Since the mid-1970s, when he moved from Tallahassee to attend Clark Atlanta University, Kenny Leon has been a Southern trailblazer proud to call the metro area his home base – no matter where the road takes him. Now a Vinings resident, the nationally recognized actor and award-winning director is often hailed as a local champion for artistry, diversity and philanthropy.
At Clark, Leon earned an undergraduate degree in political science and set his sights on attending law school in California. Once on the West Coast, however, his college theatre minor took center stage when he began working on television commercials. It wasn’t long before Leon was back in metro Atlanta and working with the Academy of Music & Theatre.

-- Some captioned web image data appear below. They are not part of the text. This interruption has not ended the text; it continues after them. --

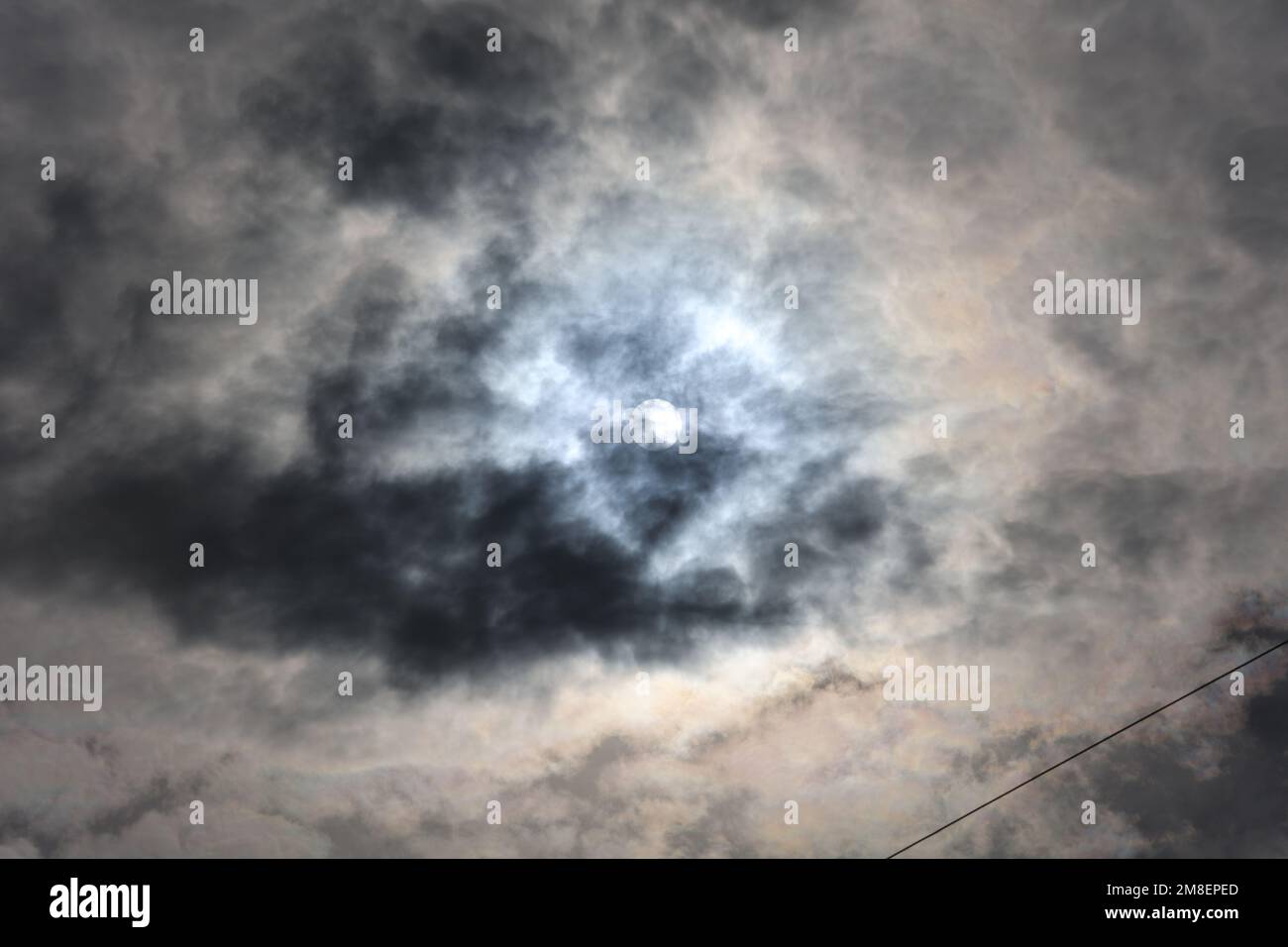 Soleil derrière les nuages Banque D'Images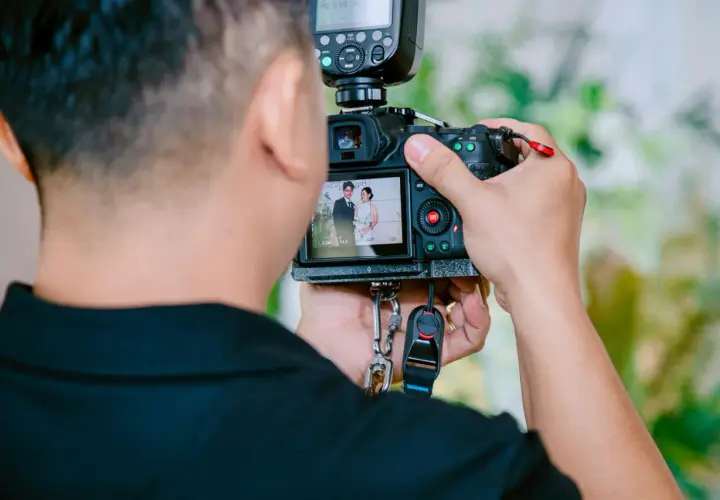 Ile kosztuje fotograf? Stawki, pakiety i ukryte koszty 2026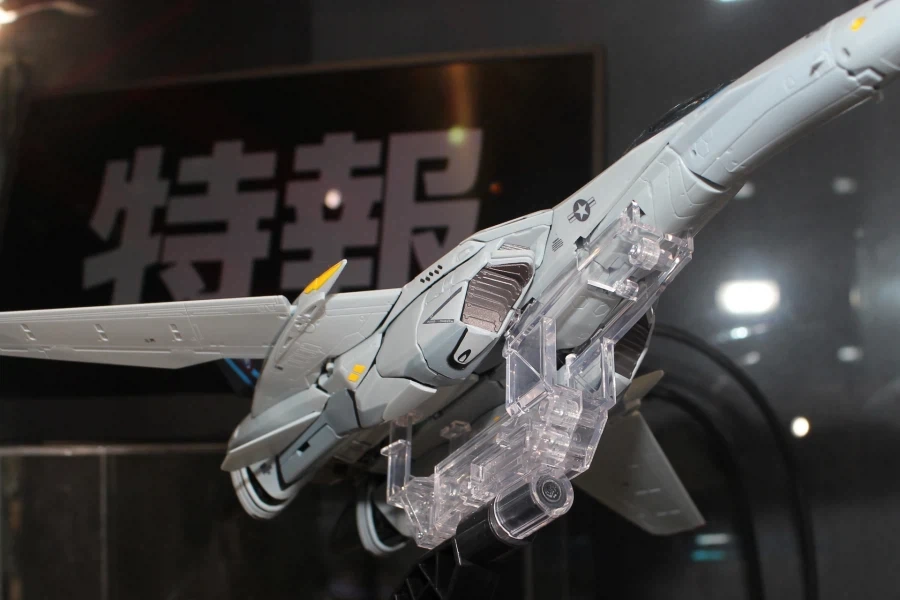 [반다이] DX 초합금 VF-25 메사이어 발키리 탑건 매버릭 Ver 전시 2_20.webp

At the Academy, he worked on theatre projects during the day and spent evenings giving back to the local community through the arts.
“We did legitimate theatre during the day,” Leon said. “At night we would do things in prisons or schools or with homeless people and give them the money we made from the performances. Politics, community and the arts have always been a part of my life and that’s reflected in the projects I choose to do.”

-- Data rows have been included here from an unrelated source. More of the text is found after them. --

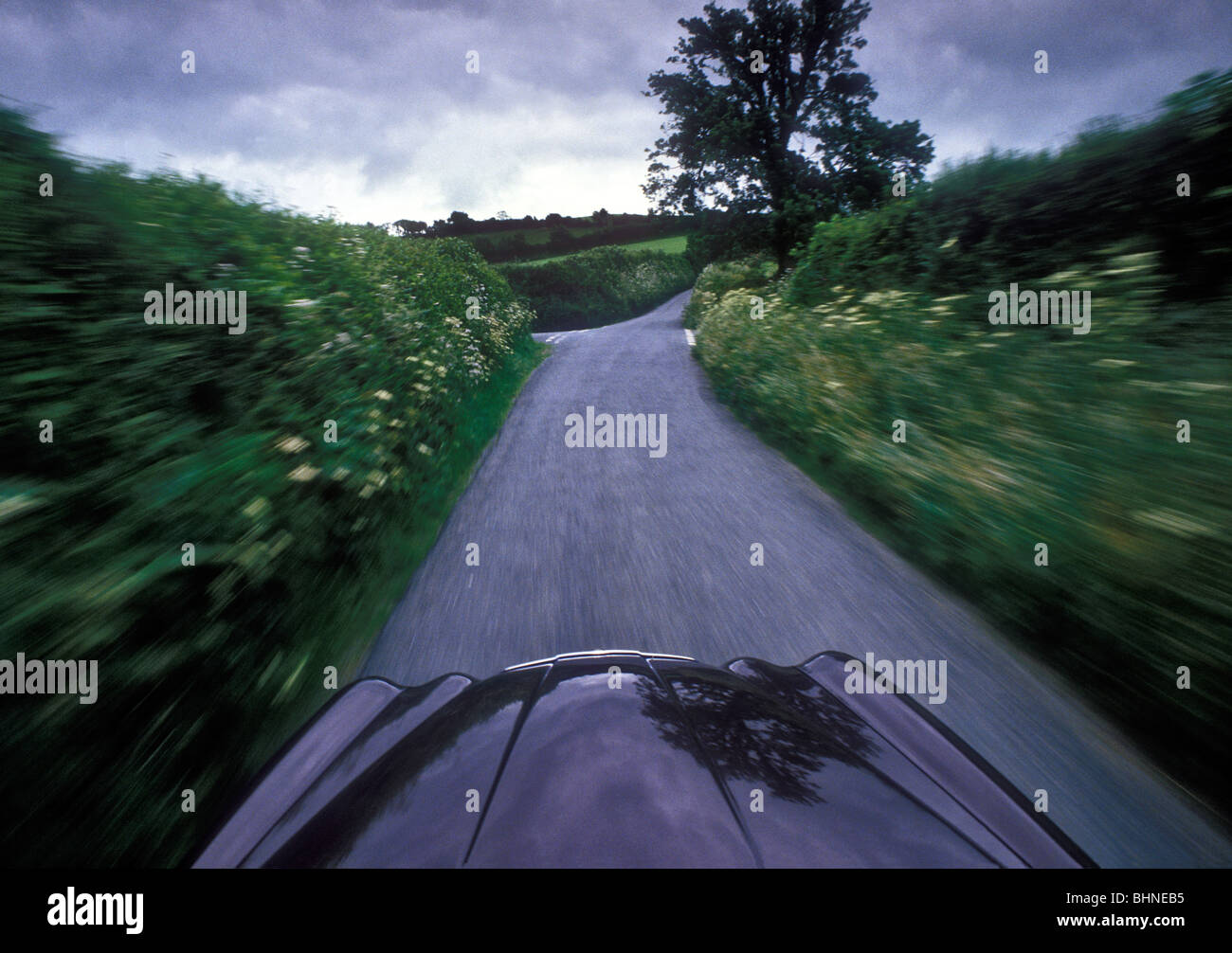 Daimler Double Six la guida verso il basso English country lane. Foto Stock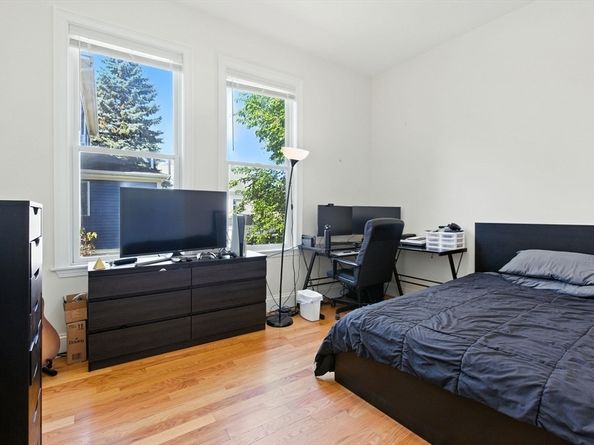581 Cambridge St, Boston MA 02134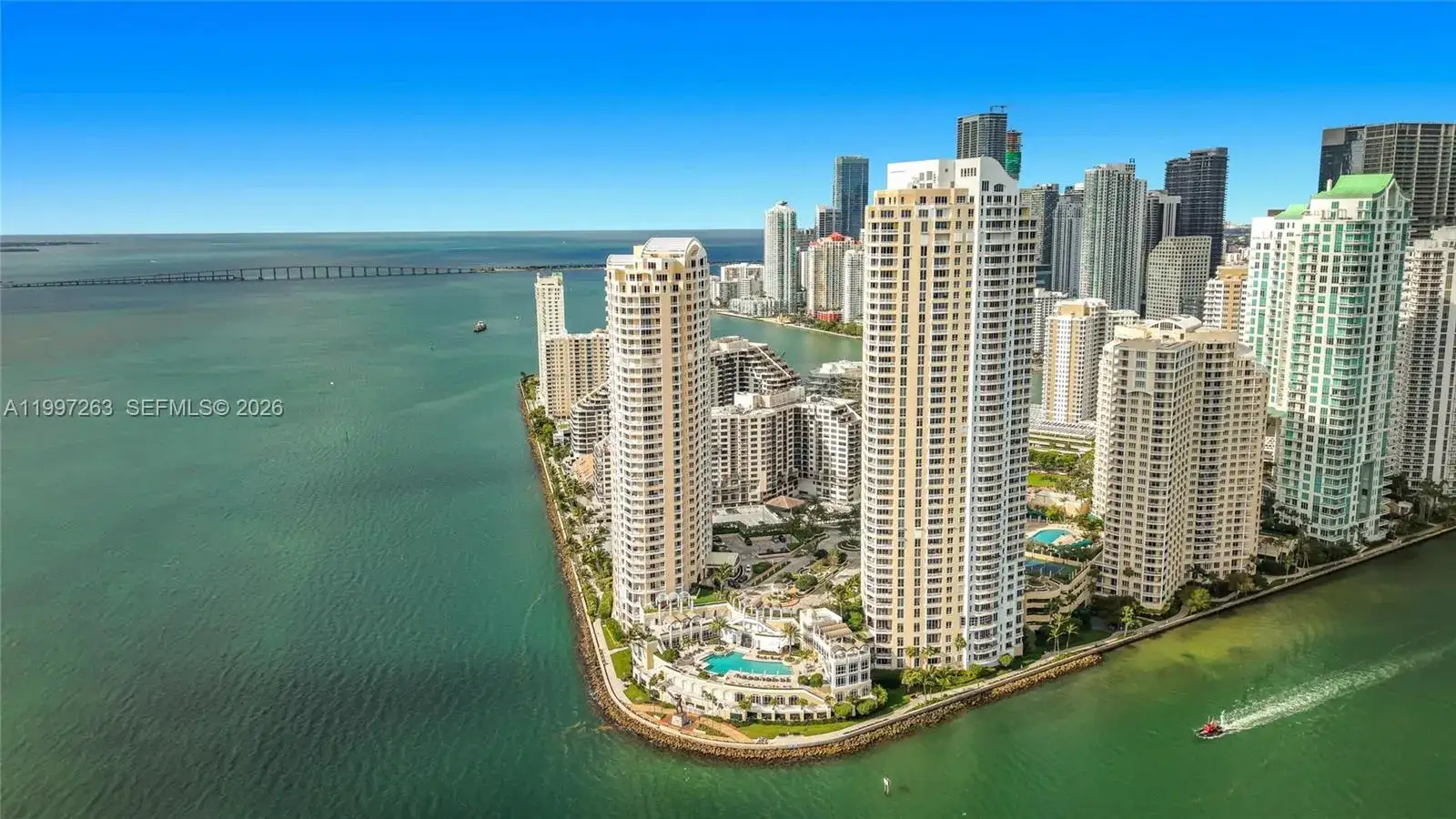 2 bedroom 2 bath Residential Lease for rent at 808 Brickell Key Dr # 2002, Miami FL 33131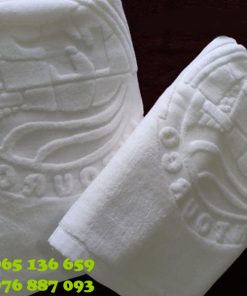 Khăn khách sạn dệt logo theo yêu cầu
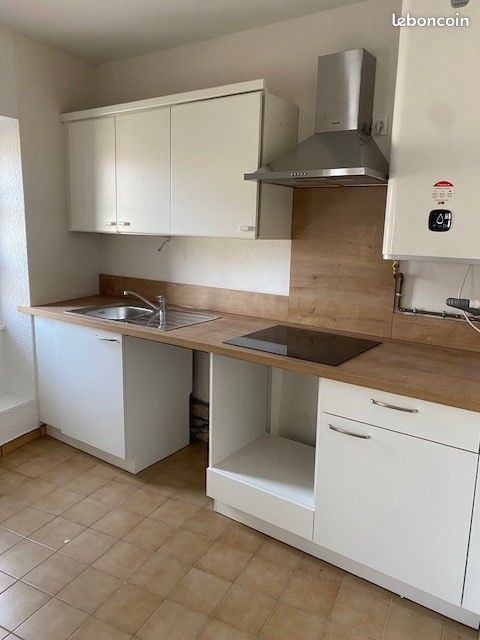 Appartement 2 pièces 37 m² · à Pierrelatte · 37 m² · 450 €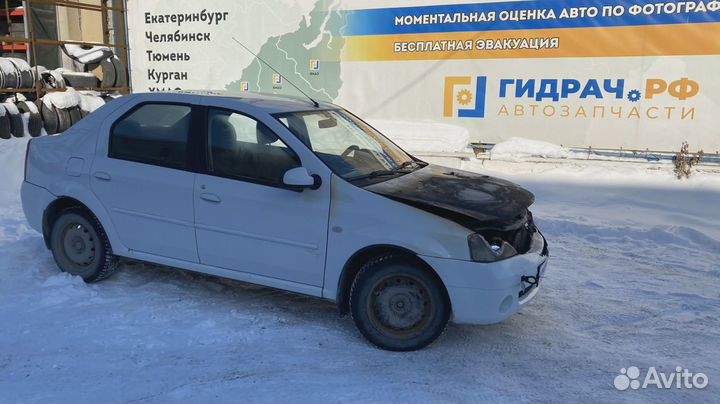 Стекло заднее Renault Logan 8200419024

After nearly a decade with the Academy of Music & Theatre, Leon was awarded a National Endowment for the Arts fellowship. “I had applied to the Alliance Theatre around that time because there wasn’t any diversity there,” he said. “But, the committee for the National Endowment in New York wanted me to leave Atlanta.”
Leon once again left Atlanta – this time to study in Baltimore, MD and San Jose, CA. While in San Jose, Leon got the call he had wanted before receiving the Endowment – an invitation to do a play at the Alliance.
“I was invited by the Alliance to do a play called T-Bone and Weasel and, at the end of that year, I was offered the associate artistic director job,” he said. “Two years later, I was named artistic director. I had a great time. Atlanta gave me my start, and I could never say, ‘thank you’ enough. But, I was losing myself as an artist so I left Alliance thinking I was moving to New York City.”
After an 11-year run as artistic director at the Alliance Theatre, Leon set his sights on the Big Apple but Leon’s friend Chris Manos, a well-known producer, had other plans.
“Chris encouraged me to start a theatre company,” Leon said. “There was a need for a company that focused on issues of diversity, so Jane Bishop and I started that.” As founding artistic director of True Colors Theatre Company, Leon built what has become an Atlanta institution while remaining constantly in pursuit of becoming a better artist.
It certainly seems Leon has been successful in that venture, garnering numerous accolades throughout his career. He’s directed 10 world premieres for the Alliance, including Elton John’s Aida. He racked up five Tony nominations for August Wilson’s Gem of the Ocean on Broadway. He won a Tony for his work on Lorraine Hansberg’s A Raisin in the Sun on Broadway, which, several years later, was translated into an epynonymous network television adaptation with Sony and ABC starring Sean Combs and Phylicia Rashad. He was named one of People magazine’s 50 Most Beautiful People, and has been presented Martel Cognac’s Rise Above Award and the MIT Eugene McDermott Award in the Arts.
Still, Leon is very much an everyman – especially when at home in Vinings. “When I come home I walk in my neighborhood and jog at the Silver Comet Trail,” he said. “I’m a golfer, and the number of public and private courses here can’t be matched. There are great churches all over, and fantastic restaurants. It’s just a great place to come and live and slow down.”
FUN FACT:
Leon thinks he might hold the record for being killed the most number of times on the popular T.V. show Heat of the Night.
Recent Professional Highlights:
Leon recently opened the world premier of Guess Who’s Coming to Dinner to sold out crowds in Atlanta. He also recently wrapped production on Steel Magnolias, filmed in the metro area, and said both have been high points of his career.